Last summer, Pinterest acquired a visual discovery site called Icebergs, and today that team is showing off what it’s been up to, having since relocated from Spain to San Francisco. While over the past several months, Pinterest’s focus has been on improving search and discovery on its site, the former Iceberg team members have been working to improve the process involved with saving pins themselves. Today, they’re rolling out a new “Pin It” button that’s designed to speed up the process of saving content to Pinterest by reducing the number of clicks by half.
Before, using the “Pin It” button on the web required four clicks before the content was saved, as you may recall.
“It was a bit hard,” notes former Icebergs co-founder, now Pinterest Product Manager César Isern López. “But on mobile it was only two taps away. We wanted to translate that mobile experience to the web and make it extremely fast and easy to save anything,” he says.

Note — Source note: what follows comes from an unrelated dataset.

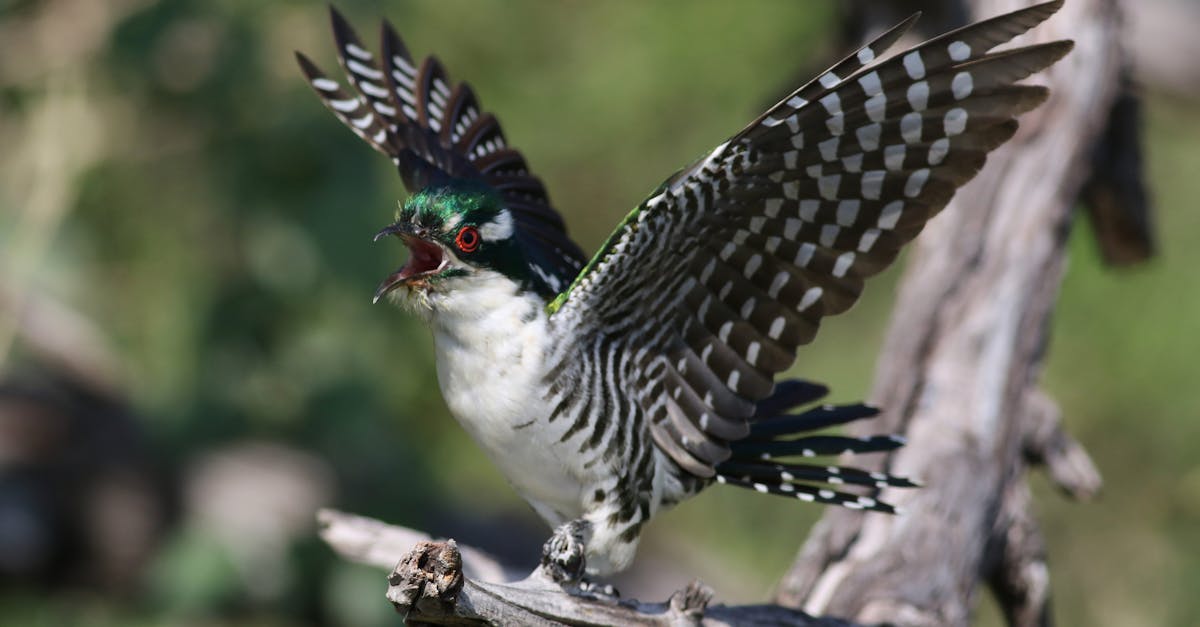 découvrez notre appel à candidatures : rejoignez-nous pour saisir de nouvelles opportunités, valoriser vos compétences et participer à un projet innovant. candidatures ouvertes à tous les profils.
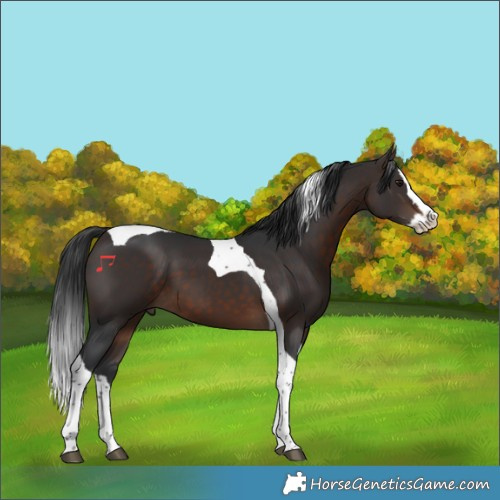 Horse Color:Brown Splash Tobiano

One of the improvements arriving now in the new button is that it makes it easier to find and create boards from the interface. The window will now display the three boards you’ve been pinning to most recently at the top of the flow, and it includes an improved Pin selector as users pin from around the web. The company has been testing the new button with a small percentage of its user base before today, and claims that early results have shown that the new flow have increased repins by 3 percent.
As you can see in the screenshot above, when the user clicks the new Pin It button on a webpage with a number of images, they’re shown a message that asks them to “Choose a Pin to Save,” then they click on the one they want to share. Afterward, the user is shown the new pop-up window where their top boards are shown to them first, and a search option helps them quickly locate other boards by name, if need be.
While some users have already seen this button in the wild, Pinterest says the rollout will reach 100 percent of its user base today.
Though somewhat of a minor tweak to Pinterest’s user interface, the change is one of several the company has planned, we understand. López and his former co-founder Albert Pereta, now a lead product designer at Pinterest, created a new “Save” team inside the company when they joined. That team is focused on making it easier to Pin content from around the web, including articles, ideas and inspiration, recipes, products and more.
They’ve also been responsible for building other bulk editing tools that have allowed users to copy, move or delete Pins from a board all at once. And going forward, they’ll be working to improve the process of returning to previously pinned items, they say. That is, making it easier to go back to your Pins, search for them, and then actually use them.
The company says that, to date, it has 50 billion Pins on its service which are saved onto more than 1 billion boards, and it’s now serving up over 1.5 trillion recommendations annually. Already, its users are saving a lot of content onto the site daily, including 2 million product Pins and over 14 million articles, for example. With this small change to the pinning flow, however, the company is hoping to increase those numbers even more.